Nota - Questo comunicato è stato pubblicato integralmente come contributo esterno. Questo contenuto non è pertanto un articolo prodotto dalla redazione di ForlìToday

"Lunedì in consiglio comunale il sindaco Gian Luca Zattini, temporaneamente assente, ha risposto per bocca dell'assessore al Welfare Rosaria Tassinari al question time presentato dal consigliere comunale di Italia Viva Massimo Marchi riguardante la notizia di stampa sulla sua vaccinazione contro il covid-19. L'assessore, nel confermare la notizia, ha puntualizzato che il Sindaco ha ricevuto la chiamata vaccinale in virtù della sua professione di medico dentista nel pieno rispetto dei protocolli.

Da ciò se ne desume che Zattini, dopo essere stato sindaco di Meldola per due mandati ed essere sindaco di Forlì da quasi due anni, esercita ancora la professione di dentista, ragione per la quale, ha già effettuato la vaccinazione.
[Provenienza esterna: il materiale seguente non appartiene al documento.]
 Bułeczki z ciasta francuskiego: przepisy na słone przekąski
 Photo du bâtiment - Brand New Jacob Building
D'altra parte risultava difficile pensare che lo avesse fatto nella sua veste di primo cittadino considerate le posizioni recentemente assunte dal partito di maggioranza della sua Giunta.
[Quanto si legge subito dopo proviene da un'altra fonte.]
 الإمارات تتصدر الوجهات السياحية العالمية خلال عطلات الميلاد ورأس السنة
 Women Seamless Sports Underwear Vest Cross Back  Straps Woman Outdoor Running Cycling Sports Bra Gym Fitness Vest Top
Rimane il mistero, a cui non è stata data risposta, del perché il Sindaco non abbia mantenuto l'impegno di vaccinarsi pubblicamente "per testimoniarne la necessità" come aveva lui stesso dichiarato in occasione dell'avvio della campagna di vaccinazione.
Sarebbe certamente stato un gesto di trasparenza ed una iniezione di fiducia in un momento particolarmente delicato della campagna vaccinale.

Sarebbe un apprezzabile gesto di trasparenza spiegare: perché il primo cittadino della città capoluogo (dunque non un sindaco "qualsiasi"), così presenzialista e prolifico di comunicati stampa sulle questioni più varie, ha scelto di vaccinarsi “in segreto”? E perchè ha scelto di non rispondere in prima persona?"